Relative to the humor styles, their original conception is ascribed to the Humor Styles Questionnaire (HSQ) measuring two main factors involved in humor: one used to enhance the self or one’s relationships with others and another suggesting whether humor is relatively benevolent or potentially detrimental and destructive. The combination of these factors gives rise to four different humor styles: affiliative (jokes everyone might find funny), self-enhancing (find the humor in everyday situations as a copying strategy), aggressive (put-downs or insults targeted toward individuals), and self-defeating (an unhealthy form of humor, also implemented as a bullying avoidance strategy) [62].

3. Materials and Methods

A systematic narrative review was conducted in compliance with PRISMA guidelines [63]. The time period searched was 1970 to 2017 using the National Library of Medicine PubMed database (http://pubmed.gov) and Medscape.

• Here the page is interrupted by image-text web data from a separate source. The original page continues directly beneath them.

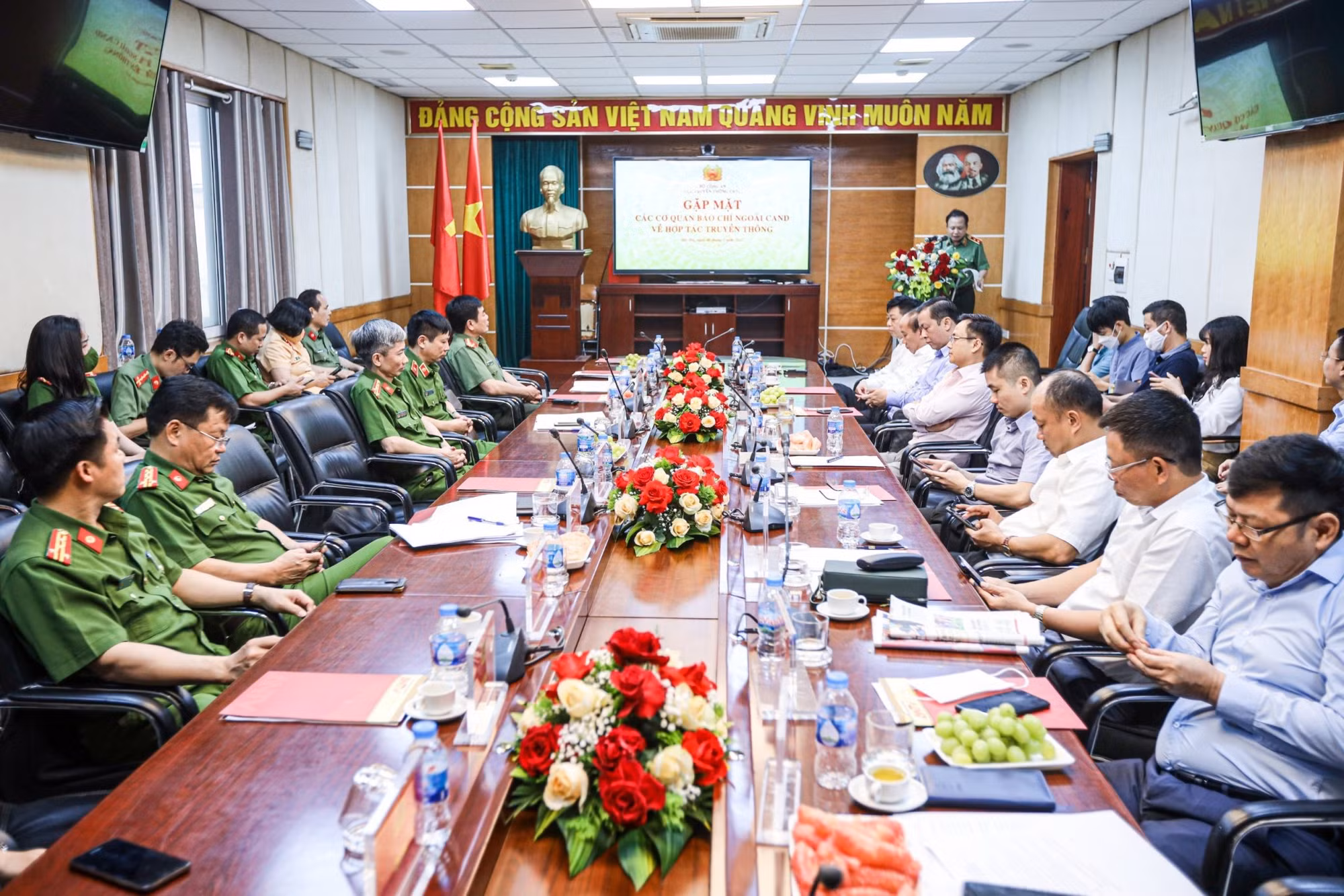 Những chiến công, hình ảnh đẹp của lực lượng CAND là chất liệu phong phú, sinh động -0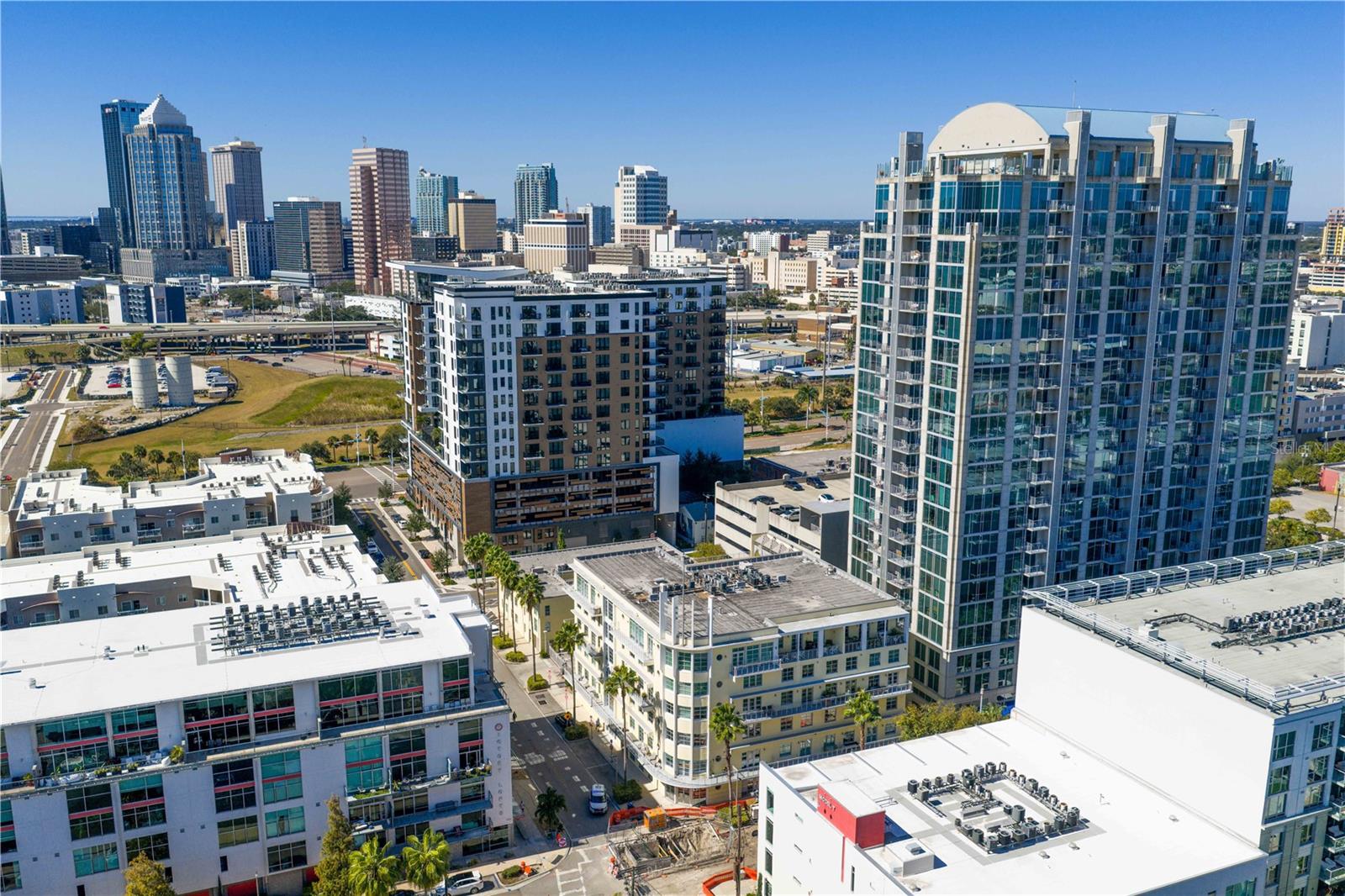 Image 28 of 37 For 1212 Whiting Street 303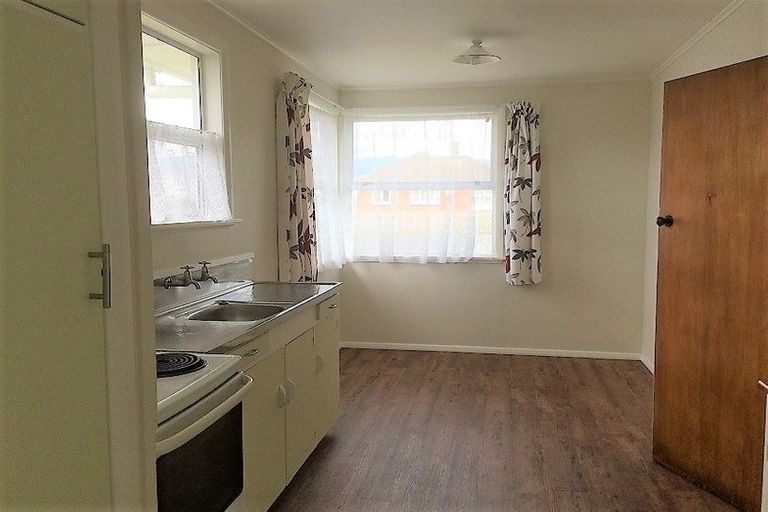 Photo of property in 9 Maire Street, Levin, 5510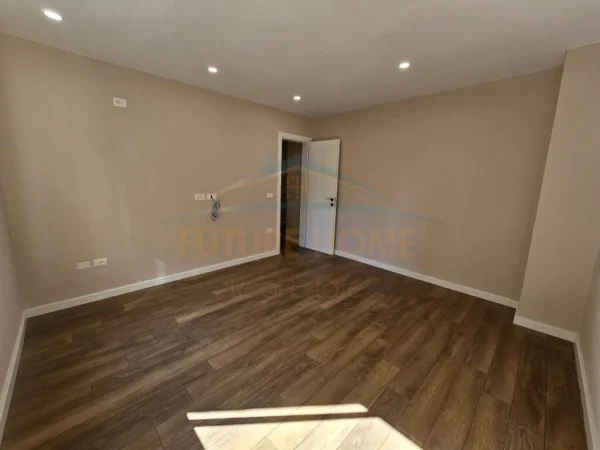 Durres, shitet apartament 2+1+Ballkon Kati 2, 110 m² 160.000 € 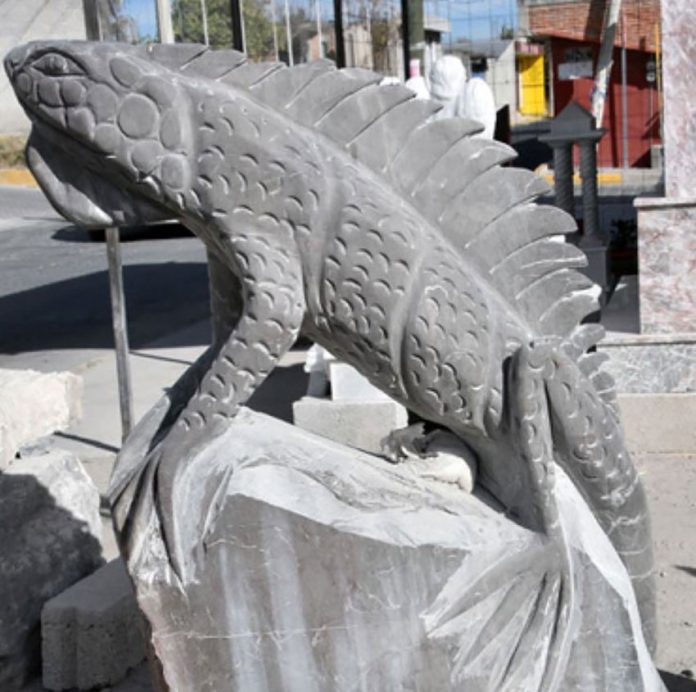 The front of Armando Contreras’s workshop is filled with carved marble and onyx figures, including this iguana.
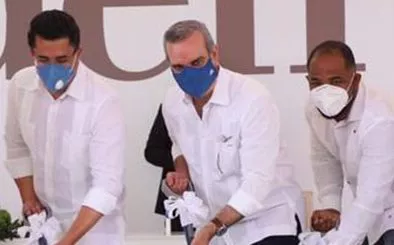 Abinader participó en el primer palazo de la obra.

The search keywords were “organic,” “acquired,” “primary,” “secondary,” “humor” AND “detection” OR “appreciation,” AND “styles,” AND “traumatic,” “brain,” “injury,” “psychopathy” AND “personality” AND “trait,” “psychopathy,” “memory,” “interoception,” “flexibility,” “cognitive” AND “psychological” AND “processing,” “abstract” AND “thinking” AND “reasoning,” “incongruity” AND “resolution,” “inference,” “inflexibility,” “neurological” AND “disorders,” “diagnostic” AND “classification,” “hemispheric” AND “asymmetry,” “neuroanatomy,” “neuroimaging,” “electrophysiology,” “neurophysiology.” A combined search of the above terms with the term “alexithymia” has been undertaken.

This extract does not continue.